Mais, page 41, le voilà "pris par une brusque envie d'écrire à la troisième personne". Qu'à cela ne tienne : le "je" cède la place au "il", sans nous gêner le moins du monde. Desmond-Lodge reviendra à la première personne dans le courant du livre, quand bon lui semblera, baladant ses lecteurs avec la même virtuosité. Du grand art !
La surdité du linguiste retraité donne lieu naturellement à d'innombrables quiproquos. "Quoi ?" se surprend-il à demander à tout bout de champ. Et quand il s'entretient avec son père, aussi sourd que lui, c'est du "quoi ?" au carré... Il lui arrive de déclarer forfait : "La surdité transforme tant de sons en bruits que vous préférez opter pour le silence."
Ou alors pour le verbiage, car "il est plus facile de parler que d'écouter". Pitié pour les malentendants : ils sont souvent bavards par nécessité !
Desmond n'arrête pas de se prendre les pieds, si l'on peut dire, dans ses prothèses auditives, de plus en plus sophistiquées.
Son père, lui, refuse tout appareillage. Il vit seul, dans un pavillon londonien à la cuisine crasseuse, habillé en clochard, hanté par ses économies. Un magnifique personnage, grincheux, insupportable et bouleversant.
Tout est dit sur le naufrage de la vieillesse dans une scène tragi-comique, sur l'autoroute, où le bonhomme est saisi d'un besoin pressant et ne parvient pas à se retenir.
Comme l'écrit le professeur retraité dans son journal, "la surdité est une sorte d'avant-goût de la mort, une très lente introduction au long silence dans lequel nous finirons tous par sombrer".
David Lodge pousse la démonstration jusqu'à envoyer son narrateur faire une visite à Auschwitz et Birkenau. Là-bas, seul, à la tombée du jour, Desmond "entendra le silence" : un silence troublé seulement par le crissement de ses souliers sur la neige gelée et les aboiements d'un chien dans le lointain...
La troublante Alex Loom a-t-elle vraiment quitté les Etats-Unis parce qu'elle ne supportait pas la présidence de George Bush ?
Avec elle, on ne sait plus à quoi s'en tenir. Aucune importance : la politique n'a rien à voir dans ce roman. David Lodge s'intéresse aux petites joies, aux blessures et aux drames de la vie quotidienne. C'est très anglais, mais un Français s'y retrouve parfaitement.
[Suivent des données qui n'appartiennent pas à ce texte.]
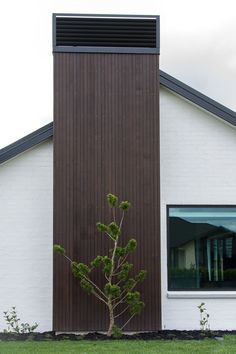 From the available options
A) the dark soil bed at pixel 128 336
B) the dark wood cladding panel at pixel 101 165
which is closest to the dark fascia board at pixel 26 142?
the dark wood cladding panel at pixel 101 165

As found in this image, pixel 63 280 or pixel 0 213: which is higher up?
pixel 0 213

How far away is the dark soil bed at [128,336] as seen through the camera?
12000 millimetres

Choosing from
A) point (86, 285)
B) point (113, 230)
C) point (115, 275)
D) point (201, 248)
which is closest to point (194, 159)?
point (201, 248)

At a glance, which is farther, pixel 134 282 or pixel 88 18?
pixel 88 18

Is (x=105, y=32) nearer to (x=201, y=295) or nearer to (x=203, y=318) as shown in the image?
(x=201, y=295)

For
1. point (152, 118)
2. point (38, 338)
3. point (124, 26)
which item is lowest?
point (38, 338)

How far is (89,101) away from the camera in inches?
502

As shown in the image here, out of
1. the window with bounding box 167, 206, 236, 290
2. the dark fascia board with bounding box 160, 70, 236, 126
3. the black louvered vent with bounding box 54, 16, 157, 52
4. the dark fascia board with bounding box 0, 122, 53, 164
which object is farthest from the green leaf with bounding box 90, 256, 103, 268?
the black louvered vent with bounding box 54, 16, 157, 52

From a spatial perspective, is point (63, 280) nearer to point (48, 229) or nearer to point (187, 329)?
point (48, 229)

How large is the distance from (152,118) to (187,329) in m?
4.06

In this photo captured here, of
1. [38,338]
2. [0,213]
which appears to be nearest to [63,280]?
[38,338]

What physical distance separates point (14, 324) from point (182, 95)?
5.46 metres

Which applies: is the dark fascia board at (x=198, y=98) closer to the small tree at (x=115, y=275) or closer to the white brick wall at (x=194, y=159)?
the white brick wall at (x=194, y=159)

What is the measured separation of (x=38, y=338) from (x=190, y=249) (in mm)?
3361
Ce livre est un délice, avec juste ce qu'il faut d'humour, de réflexion, d'érotisme et de tendresse. Des bulles de champagne, comme savent en fabriquer quelques grands alchimistes anglo-saxons.-Robert Solé
http://www.lemonde.fr/livres/article/2008/08/28/la-vie-en-sourdine-david-lodge-eleve-la-voix_1088733_3260.htmlbiographie
David Lodge est issu d'une famille catholique modeste, d'une mère secrétaire et d'un père professeur de danse.
Bien que très jeune durant la Seconde Guerre mondiale, il fut particulièrement marqué par ses conséquences lors d'un voyage à Heidelberg en 1951, afin de voir sa tante qui travaillait au quartier général de l'armée américaine, en constatant les différences entre l'Angleterre en reconstruction et l'Allemagne en plein essor économique.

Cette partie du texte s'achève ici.